→ **Task item**
Could you output the complete listing given below exactly?

→ **Data below**
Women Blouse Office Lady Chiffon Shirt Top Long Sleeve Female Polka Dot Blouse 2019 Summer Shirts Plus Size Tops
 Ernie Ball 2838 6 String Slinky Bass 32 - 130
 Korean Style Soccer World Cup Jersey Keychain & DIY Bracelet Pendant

→ **Response box**
Women Blouse Office Lady Chiffon Shirt Top Long Sleeve Female Polka Dot Blouse 2019 Summer Shirts Plus Size Tops
 Ernie Ball 2838 6 String Slinky Bass 32 - 130
 Korean Style Soccer World Cup Jersey Keychain & DIY Bracelet Pendant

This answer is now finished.